Il est bien de dire explicitement les actions dont on a conscience qu’elles nous ont éloignés de Dieu, mais surtout de dire à Dieu ce que l’on voudrait faire disparaître, ce qui met mal à l’aise. C’est souvent des attitudes, des pensées, des façons d’être qui ont un lien avec des mouvements profonds de notre psychologie : orgueil, jalousie, colère. On peut regretter de ne pas pouvoir établir des relations sincères avec telle ou telle personne, d’être perturbés par des désirs particuliers, des mouvements incontrôlés de notre âme. Il peut arriver aussi d’avoir des choses graves à avouer. Il s’agit de se mettre très simplement devant Dieu et de lui demander la guérison et le pardon. Se confesser c’est demander à Dieu de nous purifier, de nous éclairer, de nous guérir de nos lourdeurs, de nos tristesses, de notre scepticisme. C’est faire appel à son amour qui compatit, perfectionne et relève.

On peut terminer sa confession par un temps de prière avec le prêtre. Celui-ci peut, avant de prononcer, au nom de Dieu, la parole du pardon (ou d’absolution) lire un passage d’Evangile, le commenter, en fonction de ce qui lui aura été dit. Il peut aussi donner un éclairage sur tel ou tel point.

 

Un signe de conversion.

Le prêtre demande à la personne UN SIGNE DE CONVERSION ET DE PENITENCE et il le propose au nom de l’Église : prière, partage, effort pour sortir de soi-même, de ses habitudes, et, surtout, service du prochain.

 

Exprimer le regret.

On exprimera le regret dans une prière, par exemple :

  1. Jésus, Fils de Dieu Sauveur, prends pitié de moi pécheur.
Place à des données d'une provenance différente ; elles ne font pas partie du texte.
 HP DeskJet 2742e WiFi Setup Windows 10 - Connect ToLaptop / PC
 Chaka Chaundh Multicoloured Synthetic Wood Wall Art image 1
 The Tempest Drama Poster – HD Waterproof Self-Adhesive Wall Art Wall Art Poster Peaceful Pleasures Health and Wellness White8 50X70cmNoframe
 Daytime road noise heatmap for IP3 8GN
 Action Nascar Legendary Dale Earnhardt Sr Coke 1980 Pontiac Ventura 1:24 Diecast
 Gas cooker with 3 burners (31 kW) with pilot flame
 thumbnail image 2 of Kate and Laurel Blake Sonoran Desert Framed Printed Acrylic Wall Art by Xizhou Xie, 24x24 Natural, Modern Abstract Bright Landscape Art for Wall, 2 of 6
  2. Mon Dieu, j’ai un très grand regret de vous avoir offensé, parce que vous êtes infiniment bon, infiniment aimable, et que le péché vous déplaît. Je prends la ferme résolution, avec le secours de votre sainte grâce de ne plus vous offenser et de faire pénitence.

  3. Mon Dieu, j’ai péché contre toi et mes frères, mais près de toi se trouve le pardon. Accueille mon repentir et donne-moi la force de vivre selon ton amour.

Absolution.

Les mains étendues, le prêtre dit la PRIERE DE RECONCILIATION :

Que Dieu notre Père vous montre sa miséricorde ;

par la mort et la résurrection de son Fils, il a réconcilié le monde avec lui et il a envoyé l’Esprit Saint pour la rémission des péchés : par le ministère de l’Église qu’il vous donne le pardon et la paix.

Et moi, au nom du Père et du Fils + et du Saint-Esprit, je vous pardonne tous vos péchés.

Le fidèle pardonné fait le signe de croix et répond : Amen.

 

Repartir.

Le prêtre invite à l’action de grâce (peut conclure ainsi avec un texte au choix) :

  1. Allez dans la paix et la joie du Christ. R. Béni soit Dieu, maintenant et toujours.

  2. Allez en paix et annoncez à travers le monde les merveilles de Dieu qui nous a sauvés. R. Béni soit Dieu, maintenant et toujours.

  3. Rendez grâce au Seigneur car il est bon. R. Éternel est son amour. Le Seigneur vous a pardonné. Faites de même.

  4. Que la Passion de Jésus Christ, notre Seigneur, l’intercession de la Vierge Marie et de tous les saints, tout ce que vous ferez de bon et supporterez de pénible contribue au pardon de vos péchés, augmente en vous la grâce pour que vous viviez avec Dieu.

La paix et la joie qui en découlent sont les fruits de ce retournement profond vers Dieu. Se confesser libère et rend heureux. Après il faut prendre la décision de changer. Etre pardonné implique de prendre un nouveau départ. La force de Dieu accompagne toujours celui qui désire s’éloigner du mal.